------ GIVEN MATERIAL
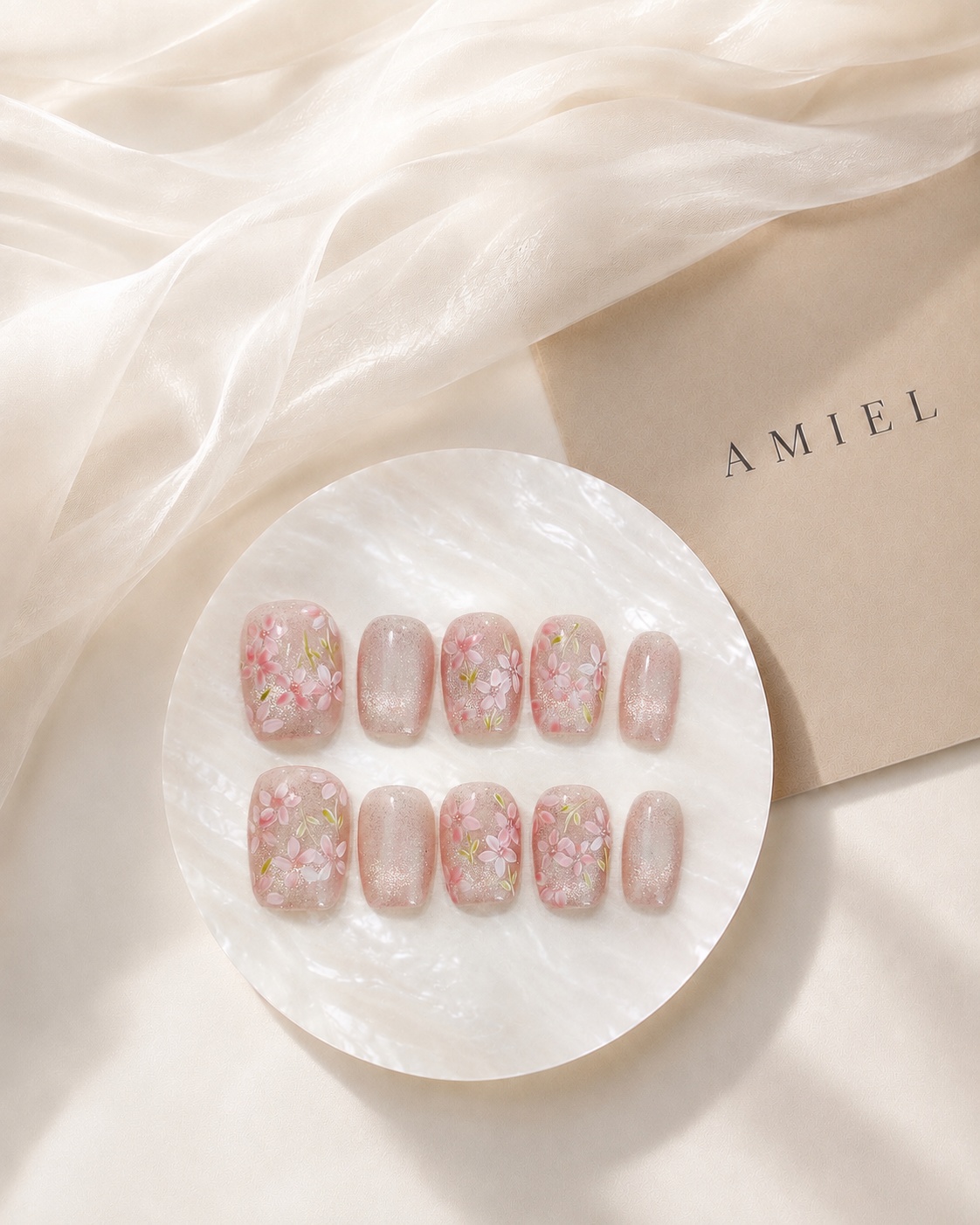 Pearl blush petal set kept for repeat wear
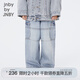 jnby by JNBY江南布衣童裝休閑牛仔褲工裝褲純棉長褲秋男女童兒童1O8E10770 992/牛仔蘭 160cm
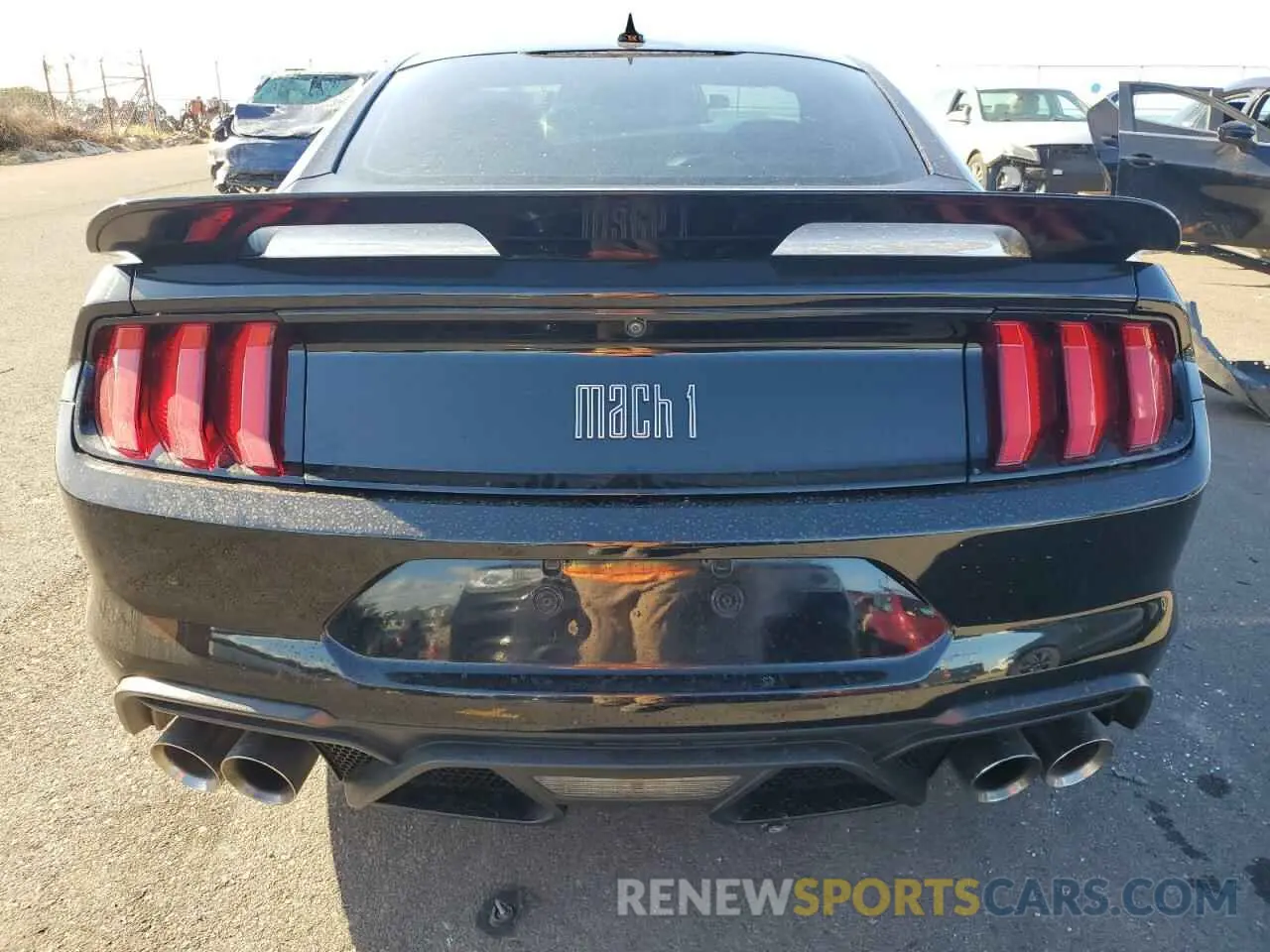 6 fotografías del automóvil dañado 1FA6P8R08M5555185 FORD MUSTANG 2021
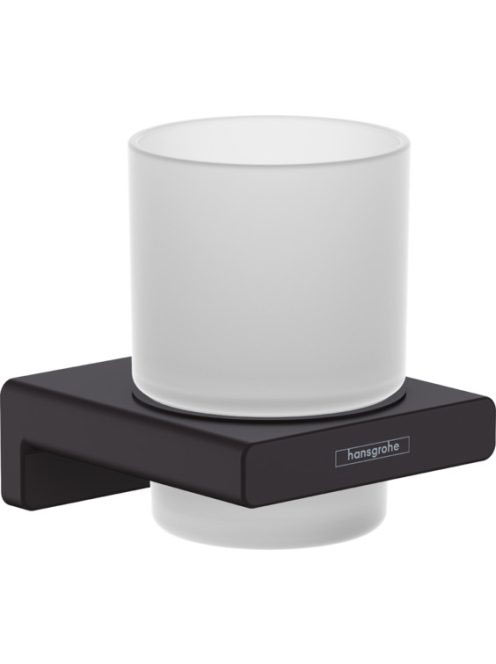 Hansgrohe AddStoris Fogkefe tartó pohár matt fekete 41749670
------------
_THE PROBLEM_
Reproduce all the material exactly, omitting images.

_WRITTEN ANSWER_
 Pearl blush petal set kept for repeat wear
 jnby by JNBY江南布衣童裝休閑牛仔褲工裝褲純棉長褲秋男女童兒童1O8E10770 992/牛仔蘭 160cm
 6 fotografías del automóvil dañado 1FA6P8R08M5555185 FORD MUSTANG 2021
 Hansgrohe AddStoris Fogkefe tartó pohár matt fekete 41749670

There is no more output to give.